• _Exercise prompt_
Please repeat the data exactly. Any picture in it stays out.
(Collected material begins)
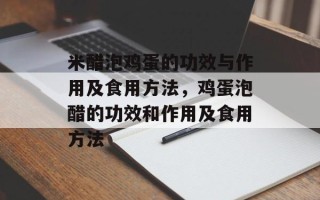 米醋泡鸡蛋的功效与作用及食用方法，鸡蛋泡醋的功效和作用及食用方法
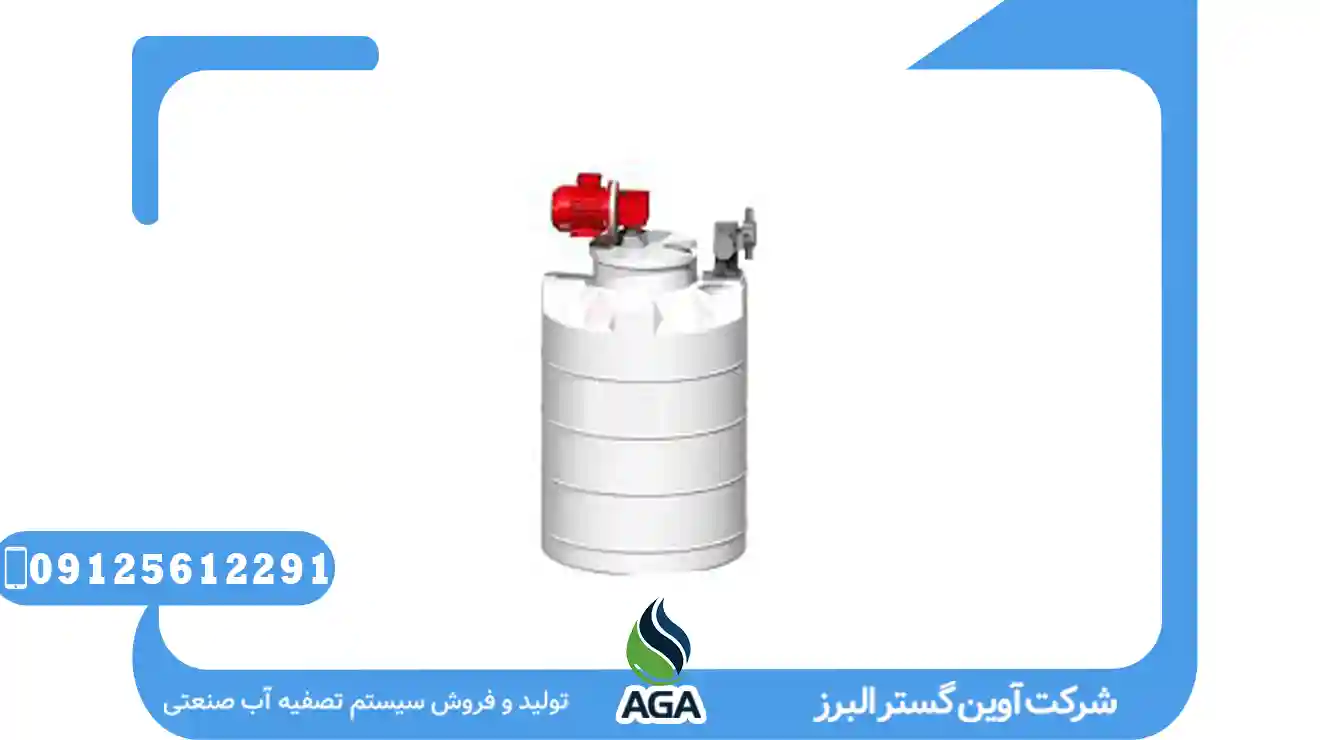 اشعه فرابنفش UV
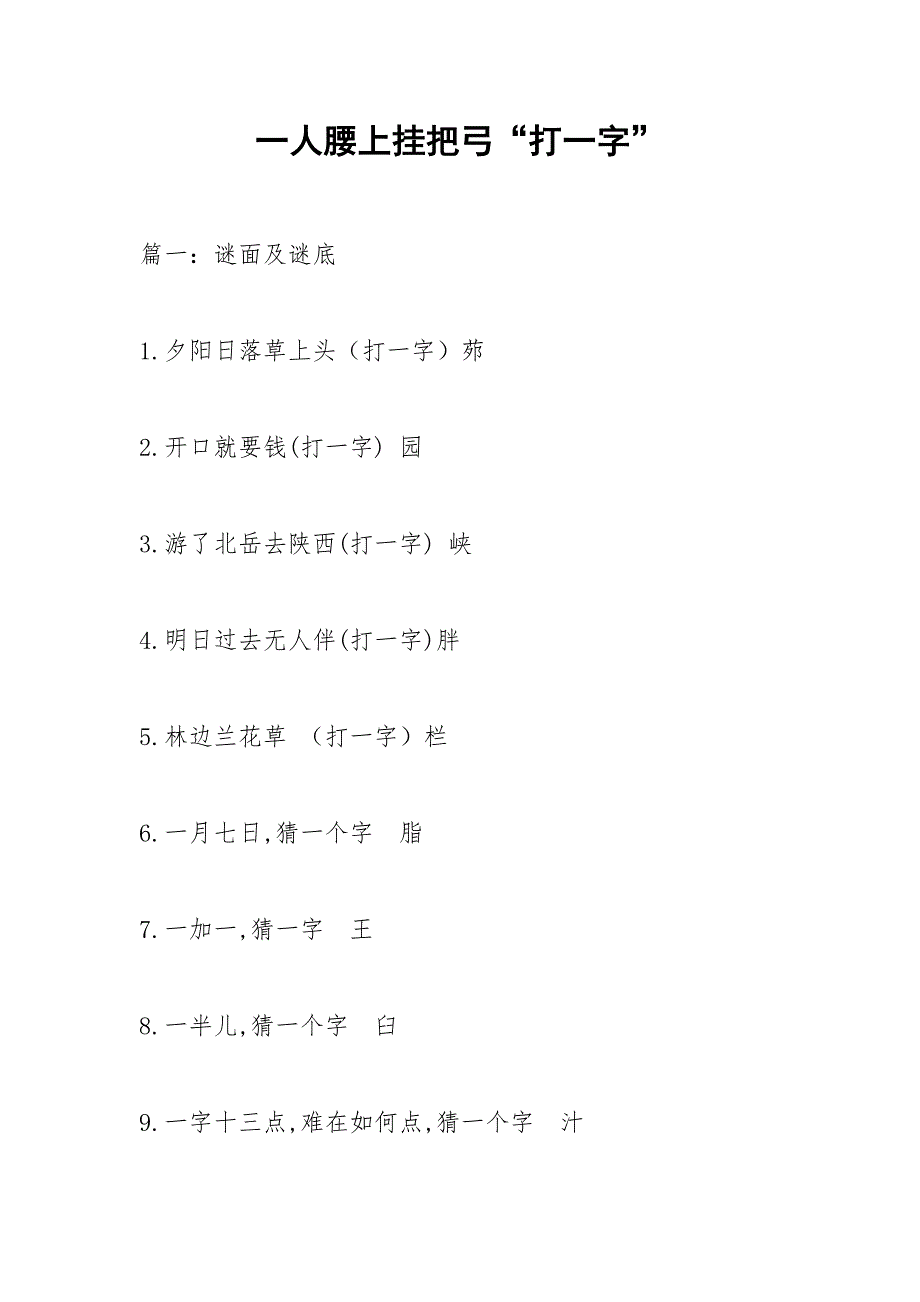 一人腰上挂把弓“打一字”.docx_第1页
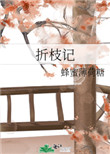 折枝记格格党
(Collected material ends)
• _Finished exercise_
 米醋泡鸡蛋的功效与作用及食用方法，鸡蛋泡醋的功效和作用及食用方法
 اشعه فرابنفش UV
 一人腰上挂把弓“打一字”.docx_第1页
 折枝记格格党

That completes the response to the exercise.